Hari Air se-Dunia atau World Water Day dan sering pula disebut sebagai World Day for Water merupakan hari perayaan yang ditujukan untuk menarik perhatian masyarakat sedunia (internasional) akan pentingnya air bagi kehidupan serta untuk melindungi pengelolaan sumber daya air secara berkelanjutan.

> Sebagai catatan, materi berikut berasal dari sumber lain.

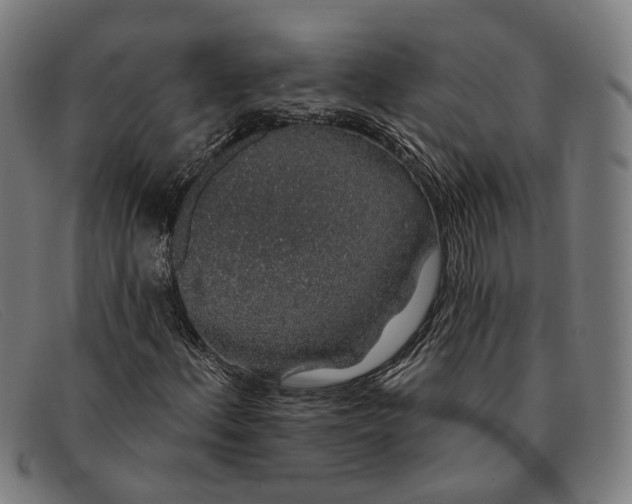 X0000091331156200708311431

Catatan Wahana Lingkungan Hidup Indonesia (WALHI) Aceh sejak tahun 2006 hingga saat ini, kerusakan DAS mencapai 46,40 persen atau 714.724 hektar (ha) dari 1.524.624 ha total luas DAS. Kawasan DAS yang kritis terjadi di pantai timur Aceh, seperti DAS Peusangan, yang merupakan wilayah sumber air lima kabupaten/kota, seperti Kabupaten Bireun, Kabupaten Aceh Utara, Kabupaten Bener Meriah dan Kabupaten Aceh Tengah, diperkirakan kerusakan rata-rata di atas 70 persen.

Zulfikar menjelaskan, peringatan Hari Air se- Dunia dilaksanakan setiap tanggal 22 Maret. Berdasarkan sejarahnya Hari Air Sedunia dicetuskan kali pertama saat digelar United Nations Conference on Environment and Development (UNCED) atau Konferensi Bumi oleh PBB di Rio de Janeiro pada tahun 1992. Pada Sidang Umum PBB ke-47 yang dilaksanakan pada tanggal 22 Desember 1992, keluarlah Resolusi Nomor 147/1993 yang menetapkan pelaksanaan peringatan Hari Air se-Dunia setiap tanggal 22 Maret dan mulai diperingati pertama kali pada tahun 1993.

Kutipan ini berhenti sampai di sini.